Modeling and Simulation
Support for modeling and simulation in nanotechnology has largely been proceeding piecemeal with separate efforts within different agencies and institutions, The prime major exception to that rule is NanoHUB which hosts selected applications and tools for use on demand throughout the nanotechnology community and which has seen continually increasing usage of their resources. Another is the previously mentioned CSN which hosts over 150 structural nanoparticle models currently that are freely available for use in modeling and simulation codes. The CSN will also make available computer codes, run parameters and validation suites for open source codes in the future, together with the wiki forum for collaborative development of tools and software.

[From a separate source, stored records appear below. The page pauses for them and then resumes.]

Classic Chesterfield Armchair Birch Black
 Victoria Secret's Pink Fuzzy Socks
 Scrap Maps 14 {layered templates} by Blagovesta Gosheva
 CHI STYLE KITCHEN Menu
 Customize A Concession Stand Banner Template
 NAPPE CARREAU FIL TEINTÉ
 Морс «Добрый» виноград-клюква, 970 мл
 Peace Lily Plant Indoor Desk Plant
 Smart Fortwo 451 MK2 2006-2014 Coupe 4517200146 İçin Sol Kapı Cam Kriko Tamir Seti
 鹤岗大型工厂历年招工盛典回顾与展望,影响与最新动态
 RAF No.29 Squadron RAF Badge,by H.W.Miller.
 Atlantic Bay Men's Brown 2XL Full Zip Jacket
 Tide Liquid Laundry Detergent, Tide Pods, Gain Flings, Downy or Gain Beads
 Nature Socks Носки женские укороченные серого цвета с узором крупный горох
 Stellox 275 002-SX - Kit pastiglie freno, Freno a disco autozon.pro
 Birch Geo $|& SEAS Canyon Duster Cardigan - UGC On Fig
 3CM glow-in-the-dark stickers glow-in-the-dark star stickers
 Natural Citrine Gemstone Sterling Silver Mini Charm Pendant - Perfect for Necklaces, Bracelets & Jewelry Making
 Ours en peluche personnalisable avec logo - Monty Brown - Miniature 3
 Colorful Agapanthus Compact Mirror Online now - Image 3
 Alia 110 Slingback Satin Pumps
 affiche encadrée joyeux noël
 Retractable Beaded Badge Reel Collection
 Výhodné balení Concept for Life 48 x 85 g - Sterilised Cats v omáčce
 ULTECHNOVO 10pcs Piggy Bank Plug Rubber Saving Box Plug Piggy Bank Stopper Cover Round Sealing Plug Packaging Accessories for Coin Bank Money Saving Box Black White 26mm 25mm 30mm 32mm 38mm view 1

The EPA’s National Center for Computational Toxicology - http://www.epa.gov/ncct/ - provides relevant models but is not currently nano-related. The ACTION-Grid, a EU 7th Framework project involving nanoinformatics, personalized medicine and grid computation, is a recent promising addition in this area. As mentioned above, new pilot activities are currently being discussed for modeling and simulation activities ranging from structure/activity relationships through quantum-based first principles applications and models for exposure and risk.